Avec les 2 morceaux suivant, ‘Industry’ et ‘More’, Cory McKay égratigne brillamment le milieu du rap en pointant du doigt les vrais gagnants de cette industrie qui ne sont ni plus ni moins que ces dirigeants de maison de disque dont le seul talent est de toujours réussir à faire signer des contrats dans lequel l’artiste se retrouve au final la personne la moins rémunérée sur le produit final… Il encourage aussi une bonne partie de ces collègues rappeurs à être un peu plus créatif et honnête, une réflexion qui revient aussi sur cet interlude a capella ‘Reflection’ (une tradition sur les projets de Mega).
Retrouver Cormega et Nature ensemble sur un même morceau, c’est toujours un jolie clin d’œil au passé quand on sait ce qui s’est passé entre les 2 MC’s en 1997 (Mega a été remplacé par Nature sur l’album du groupe The Firm avec une flopée de beef qui suivront que ce soit avec Nas et Nature). Une bonne performance des 2 artistes sur ce ‘DU (Divine Unity)’ qui est vite éclipsé par cette excellente collaboration ‘Honorable’ avec Raekwon, le tout sur un beat enivrant d’Xtra P qui aboutit au final à un véritable street banger certifié ("The odds don’t lie, look at mine, acknowledge truth. The streets raised me to be wise and honorable").
Avec ‘Rap Basquiat’, Cormega ne rend pas seulement hommage dans le titre de ce morceau à l’artiste peintre Jean-Michel Basquiat, il fait un parallèle avec cette mentalité artistique qui devrait faire avancer tout artiste, cette envie d’aller plus loin à l’image du travail néo-expressionniste du peintre dans les années 80. L’un des gros morceaux de cet album avec un 2ème couplet de Mega qui pourrait même mettre le feu à une banquise.
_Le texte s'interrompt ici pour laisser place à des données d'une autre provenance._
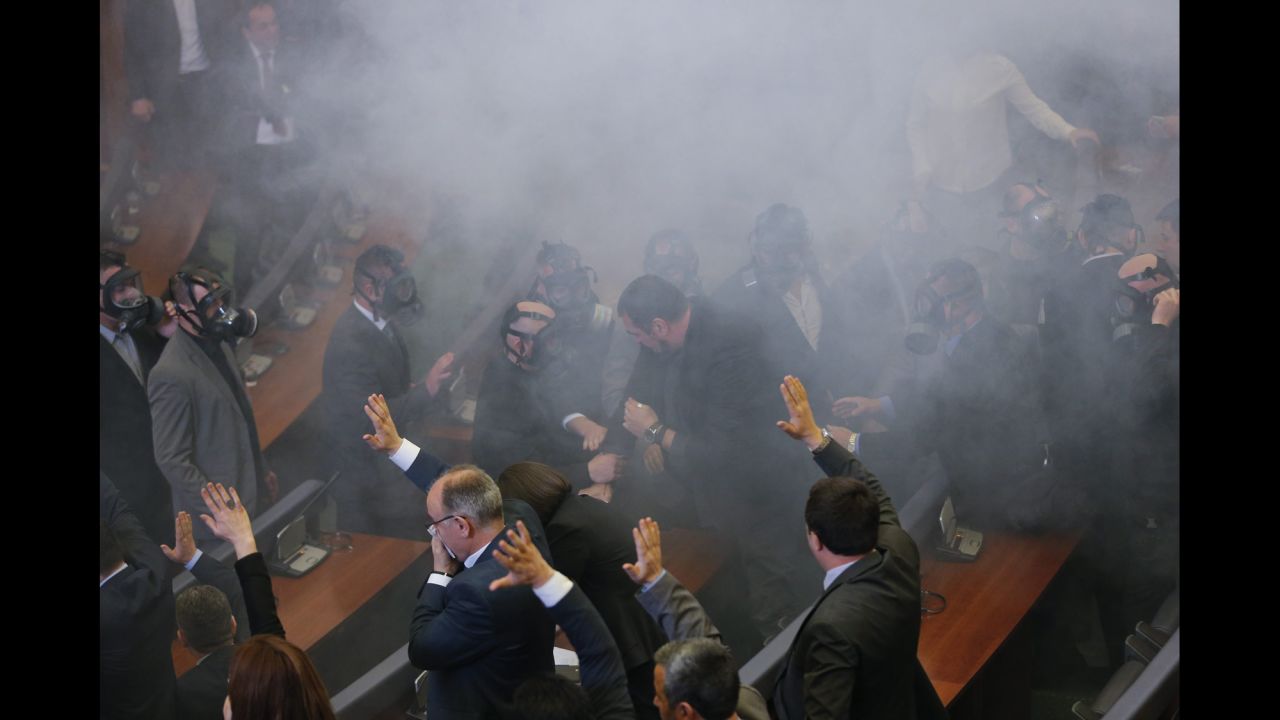 Lawmakers of Kosovo's ruling parties vote in the foreground as opposition lawmakers throw tear gas during a parliamentary session in Pristina, Kosovo, on Friday, February 19. The opposition was protesting agreements the government had made with Serbia.
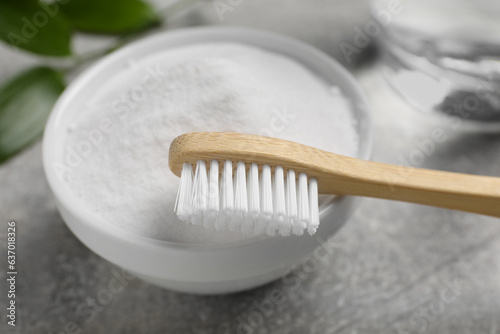 Bamboo toothbrush  green leaf and bowl of baking soda on grey table  closeup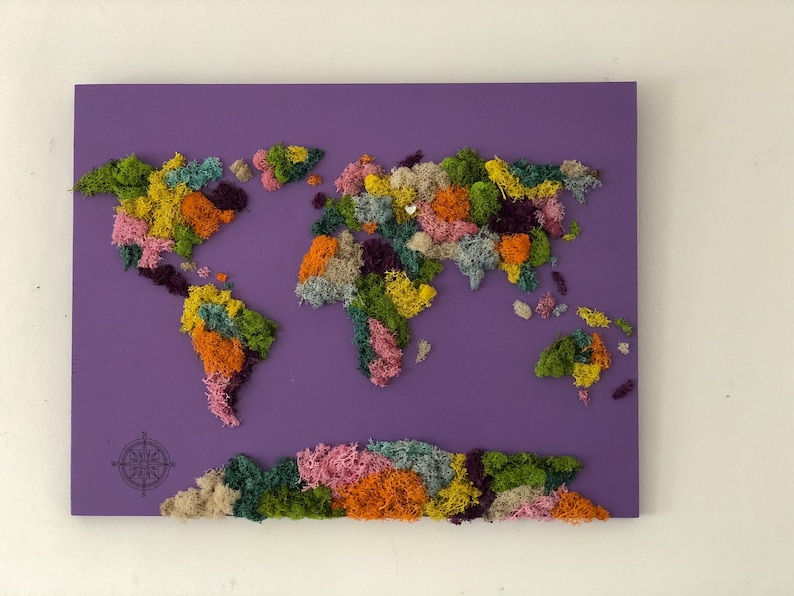 Op de afbeelding: Een wereldkaart gemaakt van geconserveerd mos op een paarse achtergrond. Het mos is gerangschikt in de vorm van de continenten en is in verschillende kleuren, waaronder groen, bruin, roze en oranje. Een kompas bevindt zich in de linkerbenedenhoek.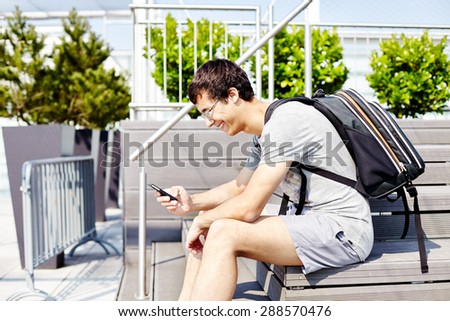 Young joyful man in glasses with backpack and mobile phone sitting on bench and reading message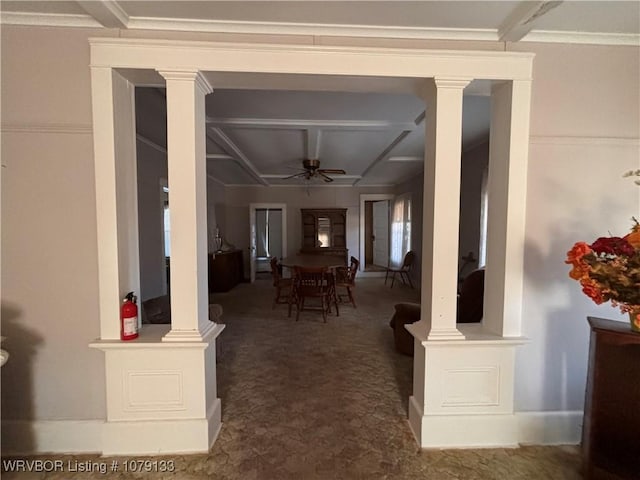 dining space featuring a ceiling fan, beam ceiling, dark carpet, and ornate columns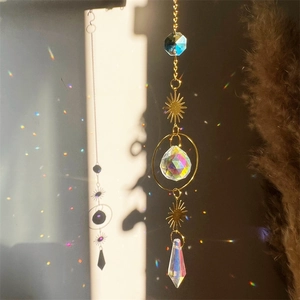 Golden crystal suncatcher with moon and star prisms reflecting colorful sunlight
Le titre ‘Rise’ est dans la même mouvance que le titre précédemment cité, le tout dans un style un peu plus posé mais toujours efficace, contrairement à ce morceau ‘Home’ (avec Black Rob) qui a tendance a se trainer un peu je trouve…
Et c’est tout à fait logiquement que ce projet se referme par le titre ‘Valuable Lessons’, Cormega y fait un bilan de toutes les épreuves qu’il a traversé aussi bien dans l’industrie de la musique que dans sa vie personnel, un morceau qui marche parfaitement avec ce type de beat de Large Pro, à noter quand même un refrain assez faiblard pour conclure l’album… De manière générale, et c’est peut être le petit point faible de cet opus en ce qui me concerne, Cory McKay délègue quasiment tous les refrains sauf sur ce banger ‘Honorable’. Sur des prods de Xtra P j’ai toujours un peu du mal avec les refrains chantés, je trouve que ça ne se marie pas forcément bien, de la à dire que c’est du gâchis je n’exagérerais pas…
Un projet court (32 minutes) qui est à la hauteur des attentes, bien différent du dernier album en commun ‘Still On The Hustle’ de Large Professor avec Neek The Exotic, on a droit à une sélection de beat peut être un peu moins marquante, car moins pêchu dans l’ensemble, mais qui correspond beaucoup plus à l’esprit "poète" revendiqué par Cormega (et donc moins agressif que Neek). Avec ce ‘Mega Philosophy’ on tient indéniablement un opus qui a toutes les qualités pour finir en fin d’année dans un Top Albums, dans le mien en tout cas il devrait y trouver une place.